What are the most important things that you've learned from each other that have helped make you a better person or a better actor?

Bernal: In terms of work, obviously acting is such a job that is very in the flesh kind of thing. It's your work, but it's your life, in a way. You can get so mixed up. I would say that I learned something that I admire a lot from Diego, that he's capable of having a good time in any situation. That has inspired my approach in the acting sense, but in life also. I want to do work, but I also want to have a good time, in the same way that he has a good time. Luna: Every time I'm about to hit a wall, there's Gael telling me 'There might be a wall.' I've learned the commitment and the amount of introspection he goes through before even choosing to be somewhere. It has taught me a lot.

A lot of the tension in the film revolves around a penalty kick. Between the two of you, who would win in a penalty kick?

Luna: Ahhh. Wait a second. The way it's set, definitely Gael, because I'm the worst goalkeeper. The thing is none of us is a goalkeeper, so you'll never know. But I can tell you one thing. Sometimes for luck, sometimes because I am a better player, I score more goals than Gael.

Bernal: It's true. Statistics say that.

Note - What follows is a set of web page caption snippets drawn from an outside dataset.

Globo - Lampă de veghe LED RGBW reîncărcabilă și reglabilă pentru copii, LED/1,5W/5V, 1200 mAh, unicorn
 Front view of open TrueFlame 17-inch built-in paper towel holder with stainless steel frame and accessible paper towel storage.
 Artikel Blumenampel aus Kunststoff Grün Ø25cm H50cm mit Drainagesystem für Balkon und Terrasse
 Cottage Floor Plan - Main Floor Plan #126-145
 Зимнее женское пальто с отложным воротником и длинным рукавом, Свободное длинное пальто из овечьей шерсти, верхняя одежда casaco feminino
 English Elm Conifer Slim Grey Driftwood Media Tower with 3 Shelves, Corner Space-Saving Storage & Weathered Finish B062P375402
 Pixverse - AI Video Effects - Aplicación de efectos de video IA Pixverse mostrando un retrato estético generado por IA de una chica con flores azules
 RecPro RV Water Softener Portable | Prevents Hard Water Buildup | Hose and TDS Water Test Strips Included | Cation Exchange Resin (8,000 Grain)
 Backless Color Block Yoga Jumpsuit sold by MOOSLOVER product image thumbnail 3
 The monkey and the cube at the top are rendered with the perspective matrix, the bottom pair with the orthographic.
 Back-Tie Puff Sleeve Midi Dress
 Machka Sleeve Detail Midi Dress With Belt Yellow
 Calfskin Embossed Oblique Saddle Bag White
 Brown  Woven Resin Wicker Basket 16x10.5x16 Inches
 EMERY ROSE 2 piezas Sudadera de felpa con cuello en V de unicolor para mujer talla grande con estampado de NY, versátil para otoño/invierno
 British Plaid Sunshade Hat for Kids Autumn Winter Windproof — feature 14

But who gives him the passes?

Luna: The beauty of football is that it's about 11, and another five at least are sitting outside. You cannot get competitive.

Bernal: Fortunately we support the same team. That was a turning point [in our friendship], our affiliation to a football club that we support throughout. We went to a football game in 1991. We were only 12, and we went to see the final where Pumas won against America. It was a big turning point in our lives. We arrived four hours before to the match, we were the sixth people to go into the stadium. We were really excited, we were very young, and we had looked for the tickets ourselves, we had done all the work for ourselves. We stayed through the whole celebrations after, for hours.

What's your approach to acting when it's comedy?

Bernal: With the acting, well, this hybrid, this is a very Cuaron-esque sort of approach. You can see that also in Alfonso's movies, even Harry Potter or Children of Men. He combines this strong criticism, or strong dissection of philosophical aspect of society, yet at the same time it's full of a sense of humor in a way.

Luna: In this kind of film, what Carlos wrote, you don't think about the comedy. It's not as if it's written as if one line makes you laugh and the next closes the joke to make a new one. It's not jokes put together in a scene. It's just situations that become so funny because they're so real, and that's the first thing. In fact there are plenty of moments that the first time I saw it with an audience, I wanted to tell people it wasn't funny. I remember in Y Tu Mama Tambien, in that scene where he stops the car, he comes out and shouts at me, spits at the window.

Bernal:[Audiences thought] it was the funniest thing ever.

Luna: When we were shooting it it was like a funeral. It's one of those things where you wake up and say 'Fuck, I have the tough scene. Shit. Let's get ready, concentrate, think about what you want to think.' Same when I shout at him in the room. Then when we saw it with an audience everyone was laughing and laughing. They couldn't hear what we were saying. It was like, so un-respectful. You should be crying here! And I guess that's the Carlos touch, how he writes. Everything is there from the beginning on the page.

Bernal: That's what maybe makes the comedy universal. It's not about the punchline. The whole thing is very strange. It's very actable also. It's not easy to act, but to direct to act. It goes form one place to the next. It's not heading for the punchline, and also it's not about scoring goals. It's about passing the ball, and the goals will come by themselves.